17.06.2019

Maersk will mit risikobasierter Stauung Gefahrgut-Risiken auf See senken

Nach der Auswertung eines Gefahrgut-Brandes auf einem Containerschiff hat die Reederei Maersk ein sechs Zonen-Modell für Stauung entwickelt. Damit geht sie über die Anforderungen des IMDG-Codes hinaus.

Gefahrgut auf See Unfall

Brand auf dem Containerschiff „Maersk Honam“

Vor einem Jahr kam es auf der „Maersk Honam“ zu einem Brand, der fünf Menschleben forderte. Dabei war das Containerschiff technisch einwandfrei und Untersuchungen nach dem Unglück zeigen, das auch bei der Gefahrgut-Verladung und Stauung keine Fehler gemacht wurden: Alle Anforderungen des IMDG-Codes wurden erfüllt.
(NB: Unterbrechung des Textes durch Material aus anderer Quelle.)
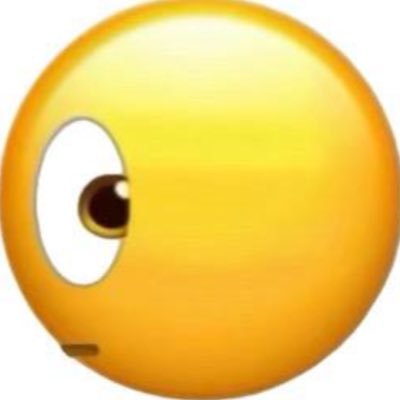 UNKOWNTRUWH's profile picture.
Das Feuer entwickelte sich jedoch in einem Laderaum vor dem Deckshaus, in dem sich mehrere Container mit gefährlichen Gütern befanden. Dies habe gezeigt, dass die internationalen Vorschriften für die Lagerung gefährlicher Güter überprüft werden müssten, heißt es bei der weltweit größte Containerschiff-Reederei.

Der IMDGCode (International Maritime Code for Dangerous Goods) regelt die Beförderung von Gefahrgut im Seeschiffsverkehr. Er ist eine Ausarbeitung der Internationalen Seeschifffahrts-Organisation.

Sechs Zonen für Container je nach Risiko

Das Unternehmen wertet nach dem Unglück die Informationen für über 3.000 UN-Nummern aus und leitet eigene Prinzipien für eine risikobasierte Stauung der Gefahrgut-Container ab.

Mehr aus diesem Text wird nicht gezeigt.